The current concept of ‘Big Society’, like any idea formed on the back of a fag packet at the eleventh hour, lacks content, analysis and coherence. Labour’s new leader, formerly a minister with responsibility for the third sector and volunteering, must take this opportunity to give Big Society – or the Good Society – the substance it currently lacks.
If it is defined as engaging with members of communities, supporting them and enabling them collectively to improve their locality by influencing the way in which public services are provided, in a manner which is both equitable and socially just, then no one in the centre or on the left will have any problem supporting it.
From opposition, the process of turning ideas into reality is always much more challenging than when in government. Indeed, in opposition the engine for making change in this area will depend as much on Labour activists outside in the big society itself as in Westminster.
To lead the Big Society Labour requires a low cost and deliverable strategy.
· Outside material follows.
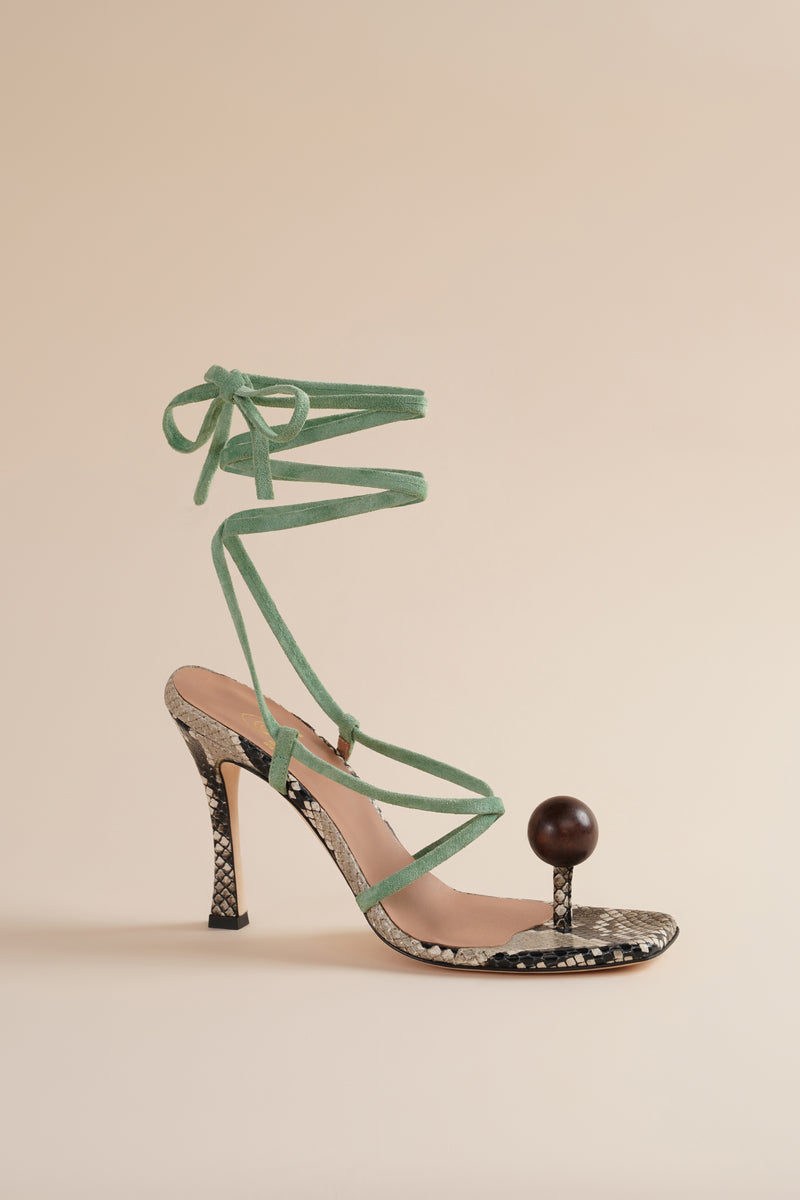 Globe Sandal in Faux Snake and Green Leather Straps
This must include:
- Supporting the infrastructure of civil society, giving community groups and volunteers ever greater capacity to inform, influence or deliver local services
- Upholding the right of people to receive care and other services tailored to their personal needs, something organised and skilled volunteers are well equipped to deliver
- Celebrating the good practice and achievement of volunteers and their organisations, sharing solutions and learning
- Engagement as a Party (and as 200,000 individual Party members) in communities and their organisations, especially in positions of responsibility such as trustees of civil society bodies. (A monthly plod through Minutes and Matters Arising does not count as volunteering)
- Councillors to be more the friends of their community activists and more relaxed about the process of engagement; councils to be partners and supporters of the community sector in respect of consultation, involvement and sharing service delivery.
Even as public spending is cut, decentralisation presents opportunities as well as threats. Labour in communities must be more imaginative and outward looking then ever before, to make the sow’s ear that is the ‘Big Society’ today into the silk purse of tomorrow – and to take the credit for it.